Things are spectacular, despite the fact that I'm a glutton for punishment. By setting lofty goals of finishing my degree quickly and getting the hell out of dodge [read: move back to Sacramento because Jarred won't leave it], I must have set myself up for failure. I feel like anything less than full-time school, full-time work is less than normal. Less than perfect, less than my potential. I don't have a choice but to work full-time; my minimal bills demand nothing less. And the fact that I have a full time job with an excellent company that I enjoy is unparalelled. That leaves me with school as the thing that's got to give, and if I budge, it seems to me like failure.

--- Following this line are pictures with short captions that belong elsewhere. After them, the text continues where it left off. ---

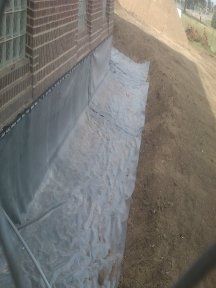 Foundation Waterproofing Using A Rubber Membrane
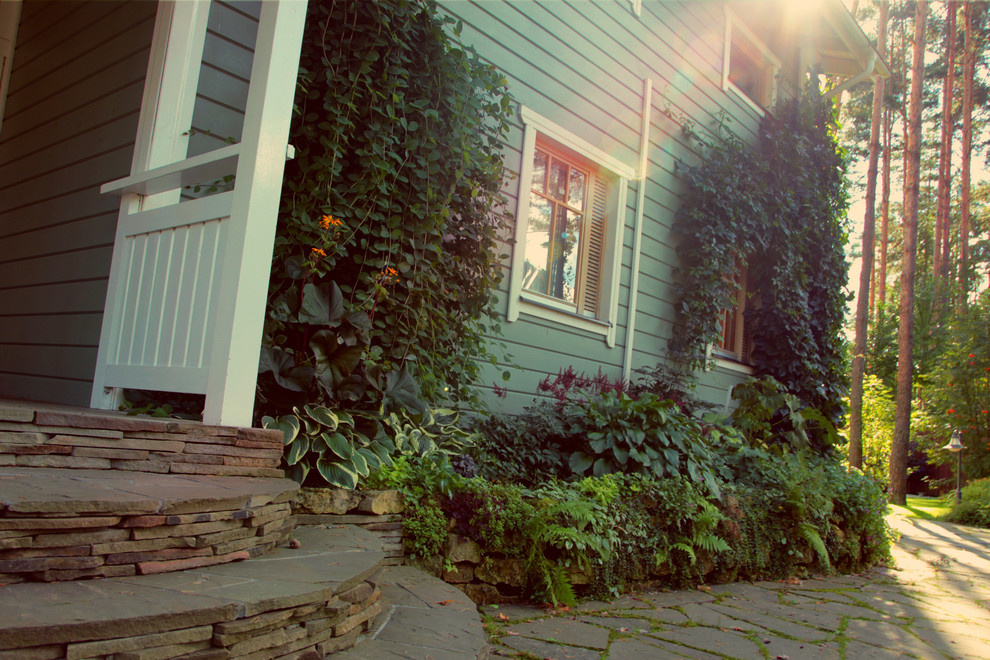 Цветник на подпорной стенке вдоль дома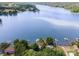 Expansive aerial view of lakefront property with private docks surrounded by lush greenery and serene blue waters at 4586 Doctor Dr, Catawba, NC 28609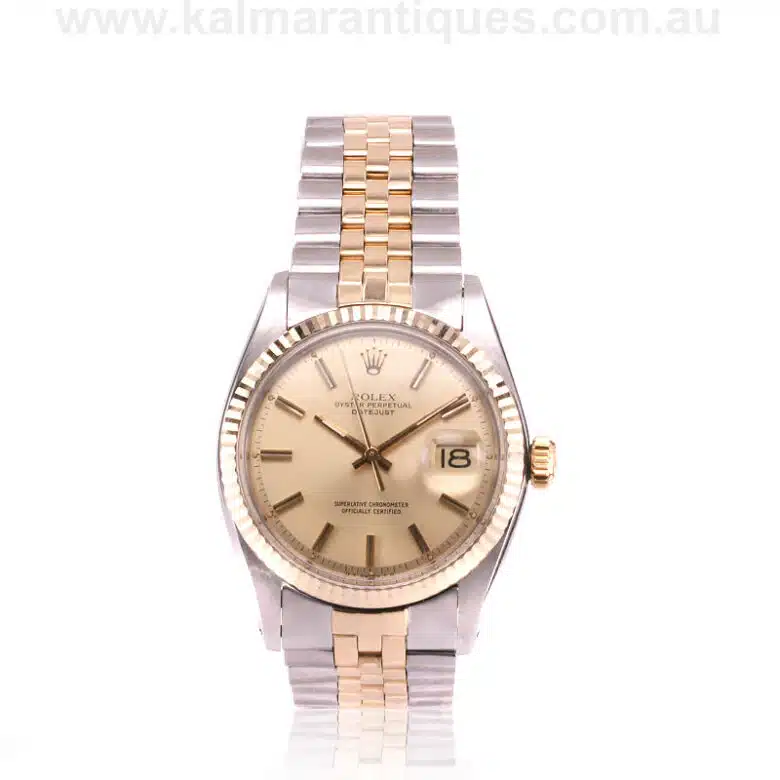 gold and steel Rolex 1601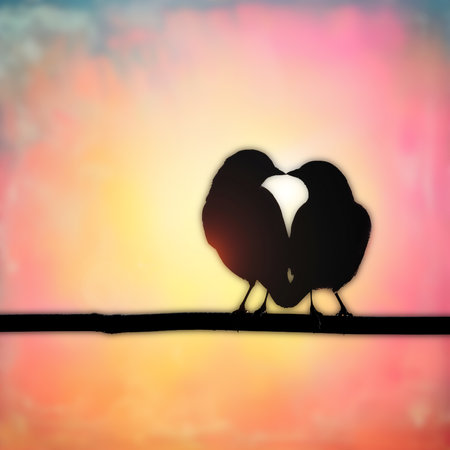 silhouette of a pair of birds on a background of the sunsetの素材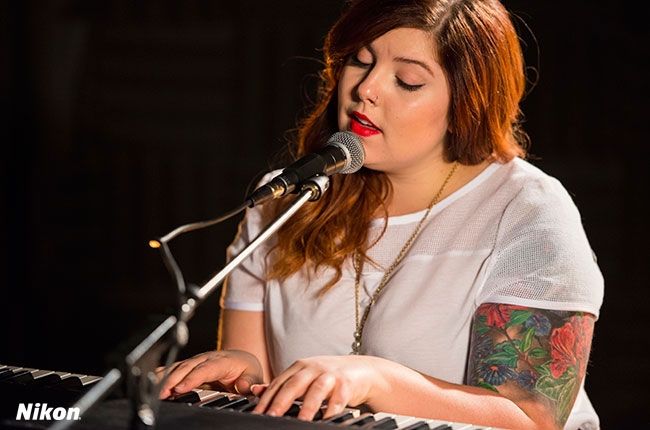 a woman sitting at a keyboard with a microphone in front of her and singing into a mic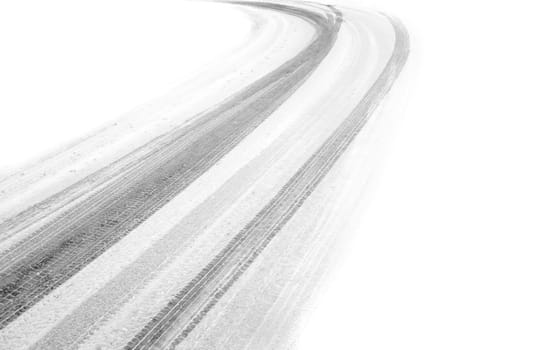 tire marks in the snow, fading to white on both sides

I'm working almost the hardest I've worked in my life [the hardest was when I worked for Dean - 18 hour days for 30 days on end], and I feel like I'm getting nowhere with it. I'm considering leaving Barnes and Noble next year to take a job in the chemical dependancy field [believe it or not, I have job offers now], but I love who I work with and what I'm doing. Do I want to take a gamble on a higher paying job where my style and attitude are not yet appriciated? Or do I want to stay where I'm underpaid, but have a lot of fun? Such tough questions plauge the soul.
Which brings me back to November 23rd. One day and seven long years after I chose to be baptized into the Seventh-day Adventist church, I'm going to pack up and take all these problems [and many more] to someone who might be able to help. I'm zapped emotionally from turning that thought over in my mind - I've played out the session a hundred times in my head. Almost all of them end in me trusting too soon and getting burned or being called a liar, or the therapist being some middle-aged republican with "her own career." None of them end well, but I won't let that stop me from going. I have simply become too complicated for myself.